Search code examples
machine-learninglightgbm

lightgbm.cv: cvbooster.best_iteration always returns -1


I am migrating from XGBoost to LightGBM (since I need it's exact handling of interaction constraints) and I am struggling to understand the result of LightGBM CV. In the example below, the minimum log-loss is achieved on iteration 125, but model['cvbooster'].best_iteration returns -1. I would have expected it to return 125 as well - or am I misunderstanding something here?

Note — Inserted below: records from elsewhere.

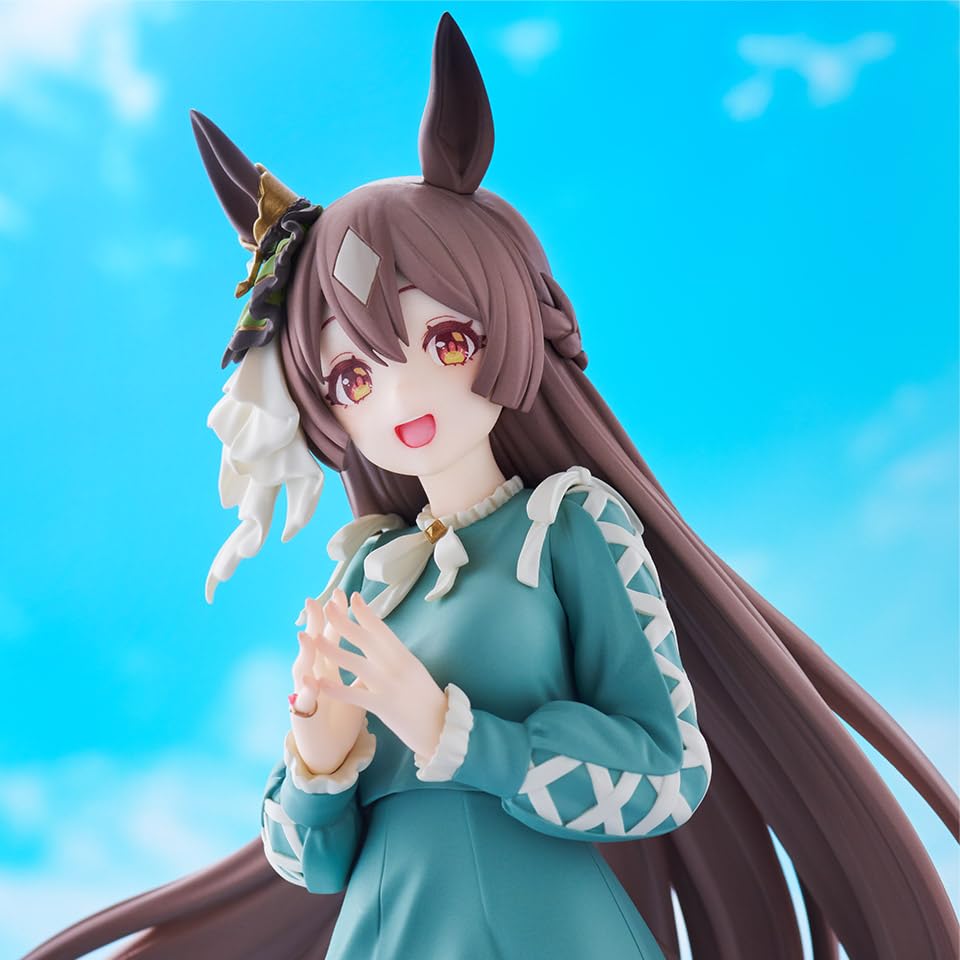 【最新】ROUND1限定　ウマ娘　Trio-Try-iT フィギュア ROUND1 限定 ウマ娘 Trio-Try-iT Figure4種セット - メルカリ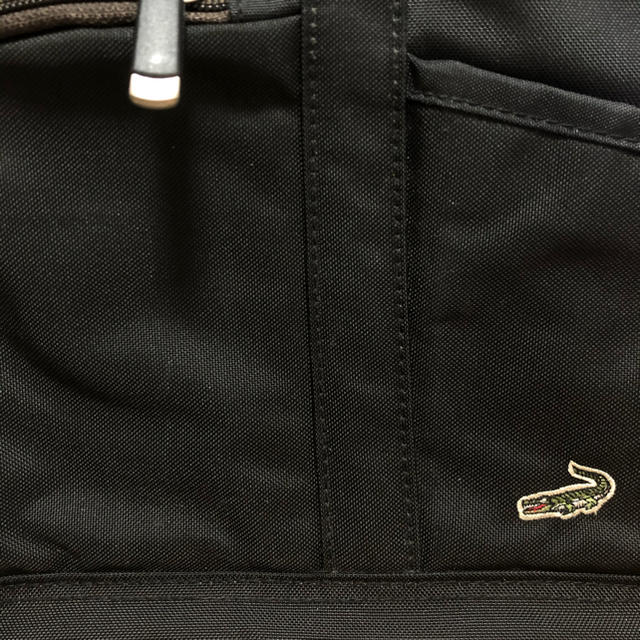 LACOSTE(ラコステ)のラコステ　ショルダーバッグ メンズのバッグ(ショルダーバッグ)の商品写真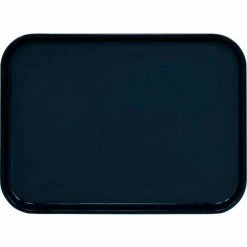 Budget 😀 Cambro PT1216110 - Tray Polytread 12" x 16" Rectangular, Black - Pkg Qty 24 🔔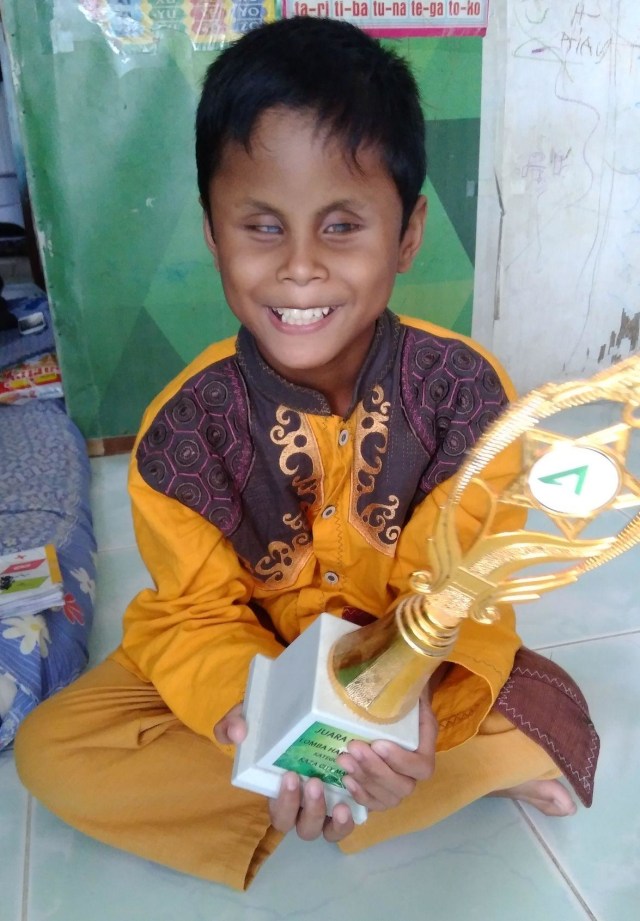 Heri Purnomo Masuk 25 Hafiz Cilik Terbaik Se Jawa Bali (117143)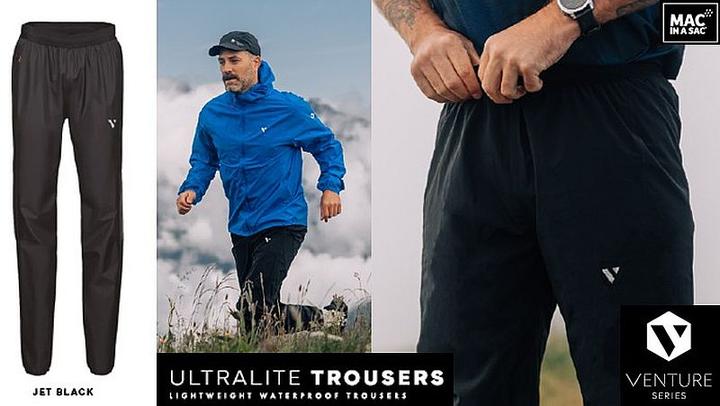 Produktbild Mac in a Sac Regenhose Venture Series MEN (L)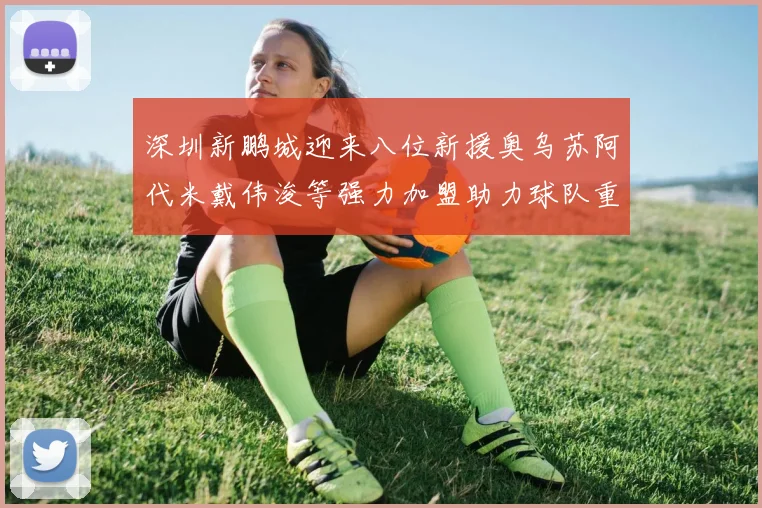 深圳新鹏城迎来八位新援奥乌苏阿代米戴伟浚等强力加盟助力球队重塑辉煌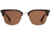 OTIS 100 CLUB Sunglasses, Sasa Brown/Brushed Gunmetal/Brown Polar, 51.5-20-148, 125-1902P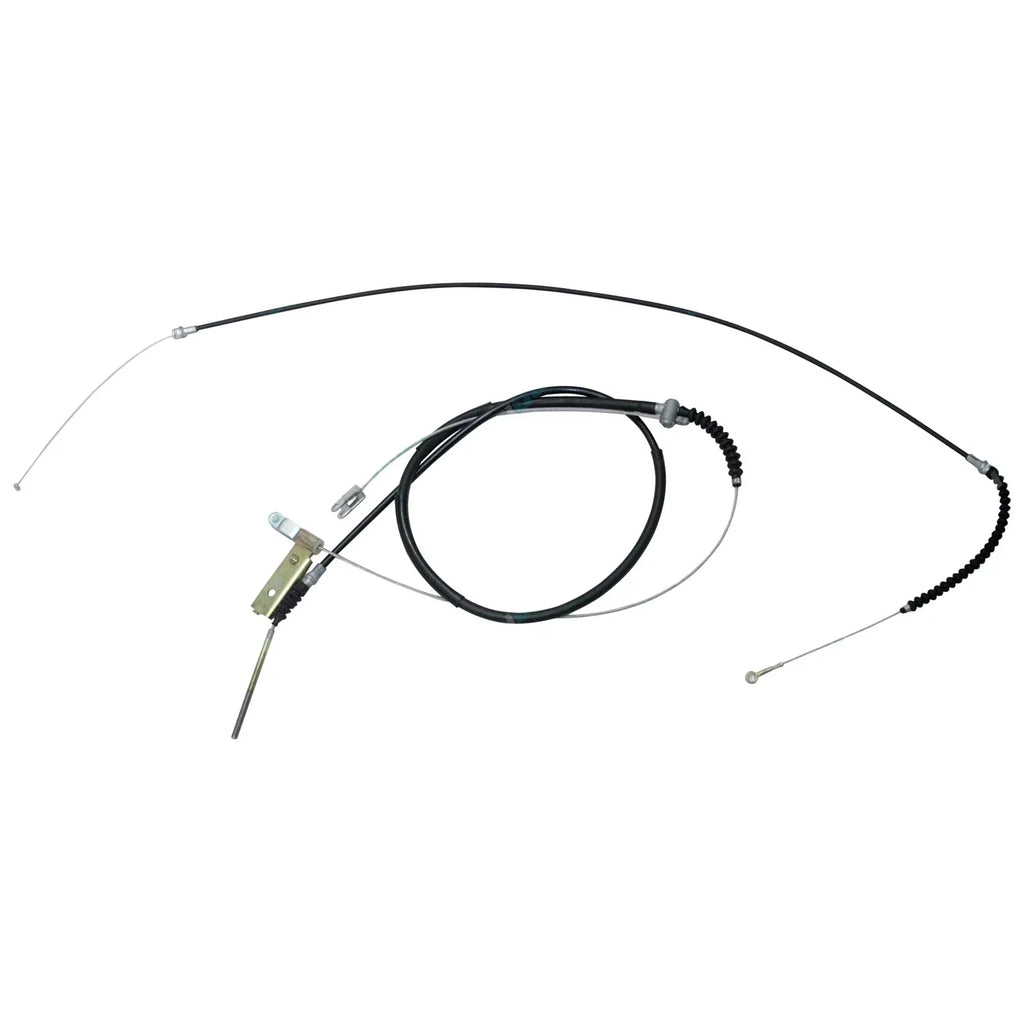 Front & Rear Park Hand Brake Cables Pack for Toyota Hilux LN65 (1983-1988)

Is there a better way to get the best iteration, or does one just need to manually check?

I have seen this discussion but even when I check the boosters in cvbooster (e.g., model['cvbooster'].boosters[0].best_iteration), they all return -1 as well...

import lightgbm as lgb
import numpy as np
from sklearn import datasets

X, y = datasets.make_classification(n_samples=10_000, n_features=5, n_informative=3, random_state=9)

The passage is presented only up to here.